Encoding malicious code instead of removing it

Question

Encoding malicious code instead of removing it

bmscodespace opened this issue a year ago · 4 comments

Hi,

is it possible to build a policy that, instead of removing problematic parts of a html string, just encodes those parts in such a way that they can do no harm when the string is used in a html-page?
So
<script>alert`1`</script>
would then be replaced by something like
<script>alert`1`</script>.

Thank you for any answer ;)

p.s. the idea behind my question is that I would like to use a policy that does not know if it deals with a string that will be used as inner html or as an "ordinary text field" with no html but where we could read a text about the "<script>" tag. If malicious code is removed by the sanitizer, then this could destroy "ordinary text". On the other hand, if I would use output encoding on my string I would loose text formatting in the case of inner html.

Answer 1 · 2024-01-23T09:20:59.000Z

Please provide an example where it is not working as expected.

Answer 2 · 2024-01-24T17:19:59.000Z

Hi @csware ,

suppose a string is imported into an application and suppose we can't know if it will be used as inner HTML, as f.e. formatted text, or as a data string.

Suppose first to secure the text before it gets displayed we always sanitize it. But if that text is given as f.e.

"A script tag begins with <script> and ends like </script>" ,

then with no appropriate policy, the string

"A script tag begins with"

might reach the view and text is missing we might want to be displayed.

On the other hand, if I just encode every string that is imported and one such string is a formatted text (with some p tags in it or some list tags, or some b tags etc.) which is used as inner HTML, then I loose the possibility of formatted text.

My question would be if it is possible to secure a text where it is not clear if it will be used as a data string or as inner HTML. I hope this makes it a little bit clearer ;)

Answer 3 · 2024-01-28T14:57:12.000Z

I suppose this could be achieved using a preprocessor.

However, the input is not correctly encoded.

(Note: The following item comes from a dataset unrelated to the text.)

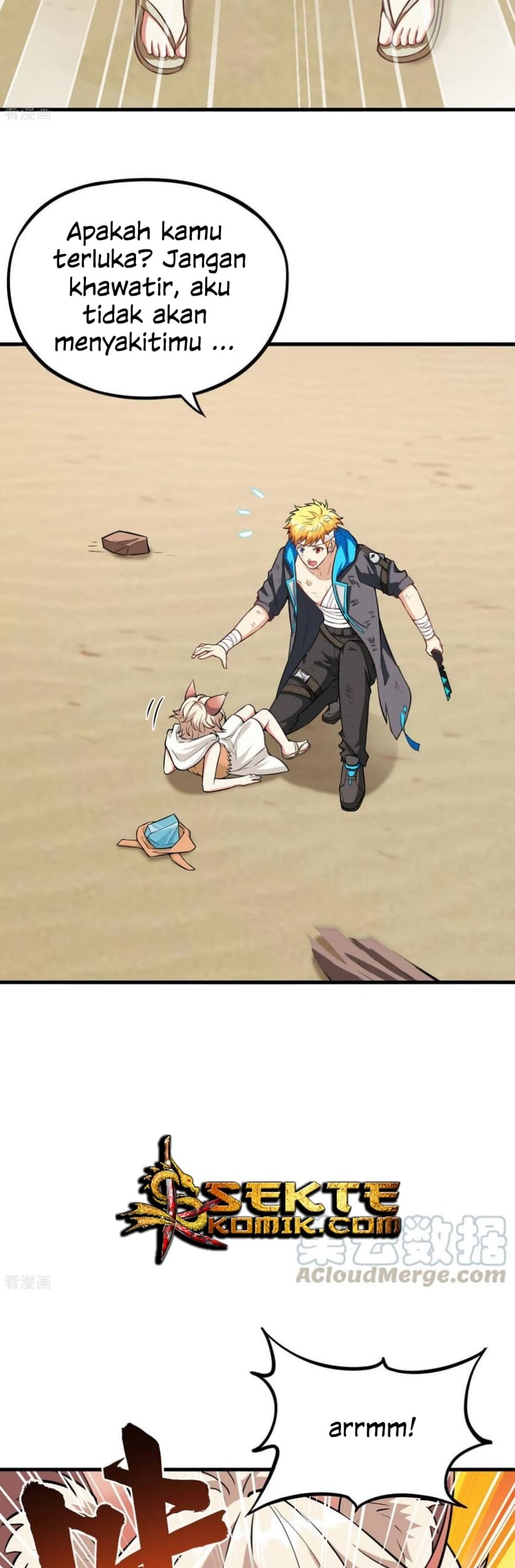 Tomorrow’s God Land Chapter 19 Gambar 11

If <script> should be shown on the screen, then it needs to be properly encoded in the first place, if there are also HTML tags for formatting.

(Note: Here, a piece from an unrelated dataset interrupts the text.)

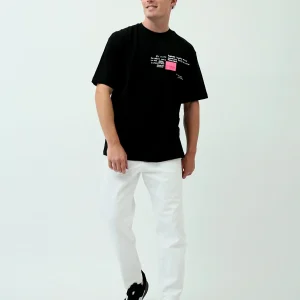 T-shirt homme au design moderne avec imprimé logo distinctif – TSH24SPRS20913TM1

Answer 4 · 2024-03-24T12:19:57.000Z

Hi, @bmscodespace
Coming to your question wheter it is possible or not so Yes, it is possible to build a policy that encodes problematic parts of an HTML string instead of removing them. This approach is known as HTML encoding or output encoding, and it helps prevent XSS attacks by converting potentially harmful characters into their HTML entity equivalents.